An Alabama man will spend nine years behind bars for possessing child pornography in his Mississippi home.
Court documents reveal that Walton Stephen Vaughan, 67, was in possession of hundreds of visual depictions of minors engaging in sexually explicit conduct when FBI agents and local law enforcement personnel executed a search warrant at his residence in Lucedale.
Vaughan was indicted by a federal grand jury and pled guilty on February 23. He is sentenced to nine years in federal prison, followed by 20 years of supervised release.

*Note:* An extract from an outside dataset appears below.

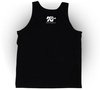 Tank Top Popped Black - image 2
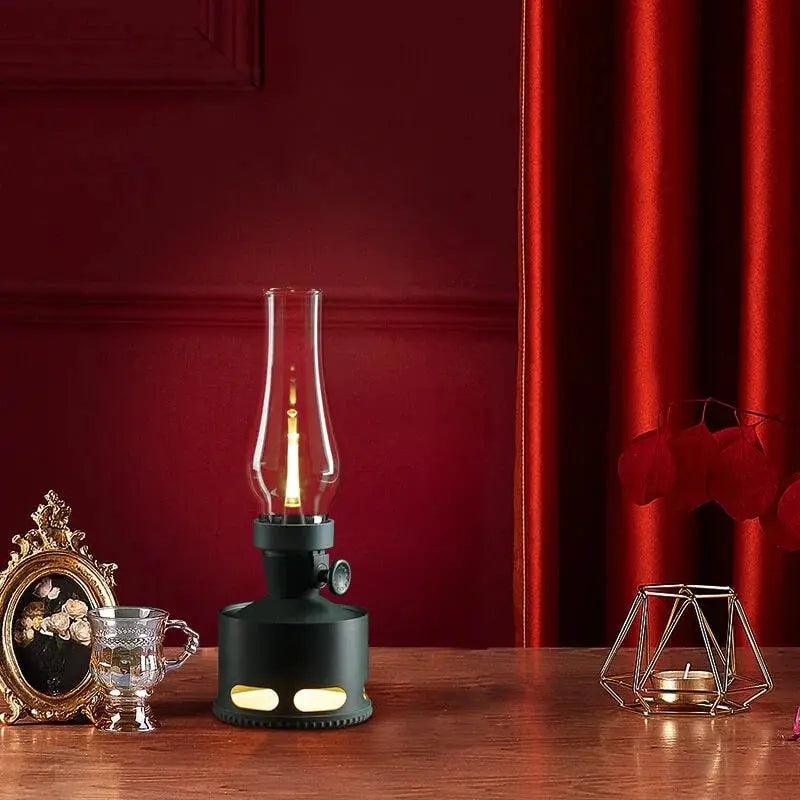 LumeFlick - Timeless Mood Lighting LED Lantern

In addition to his term of imprisonment, Vaughan is ordered to pay restitution to victims totaling $29,500, and a $3,000 assessment under the Amy, Vicky, and Andy Child Pornography Victim Assistance Act of 2018. He is also ordered to register as a sex offender.

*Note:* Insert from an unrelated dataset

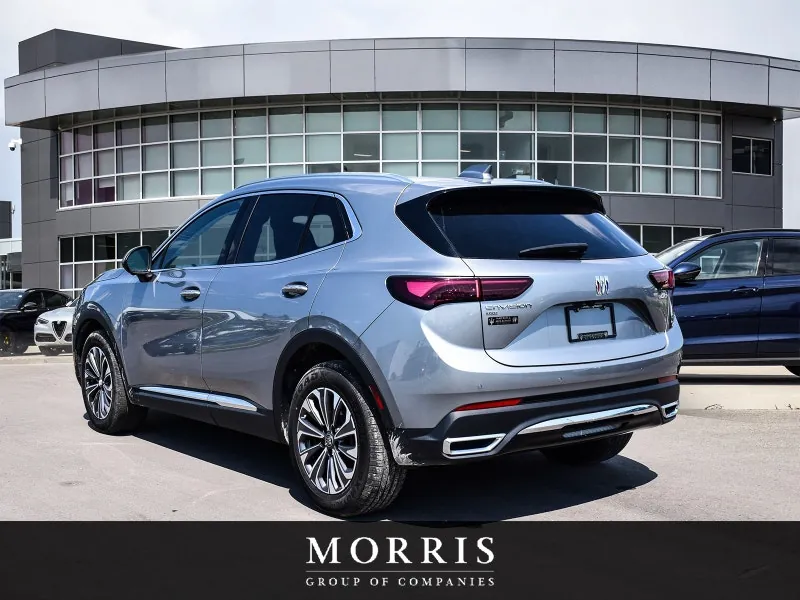 Buick Envision 2024 photo 4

The case was investigated by the FBI in Mobile, Ala. with assistance from the FBI in Mississippi. Assistant U.S. Attorney Andrea Jones prosecuted the case.

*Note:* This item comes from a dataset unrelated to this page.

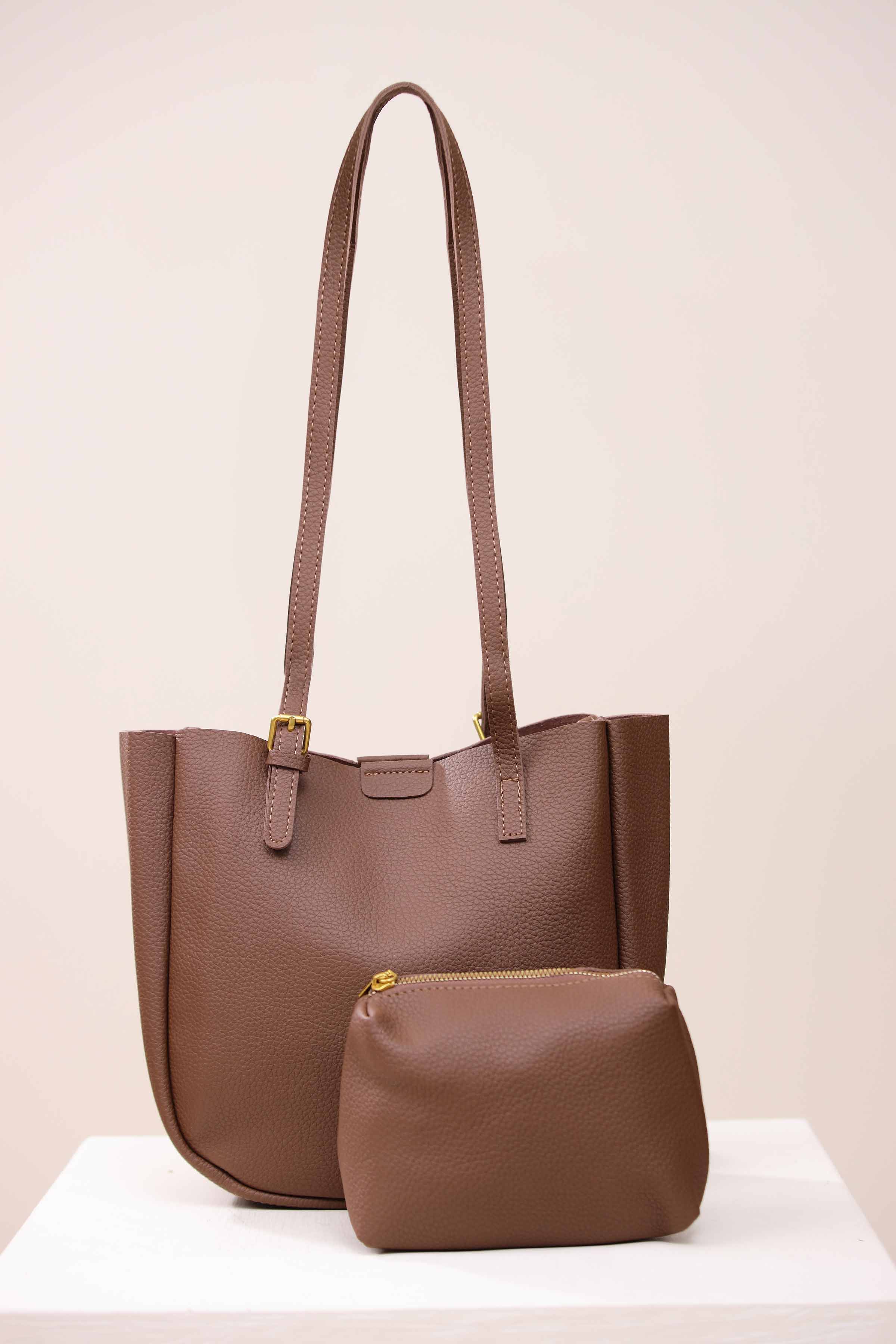 Coffee Tote Bag-443562117 for Women - Bag Collection | Nishat | Shop Online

This case was brought as part of Project Safe Childhood, a nationwide initiative to combat the growing epidemic of child sexual exploitation and abuse launched in May 2006 by the Department of Justice.
Led by U.S. Attorneys’ Offices and the Criminal Division’s Child Exploitation and Obscenity Section (CEOS), Project Safe Childhood marshals federal, state, and local resources to better locate, apprehend and prosecute individuals who exploit children via the Internet as well as to identify and rescue victims.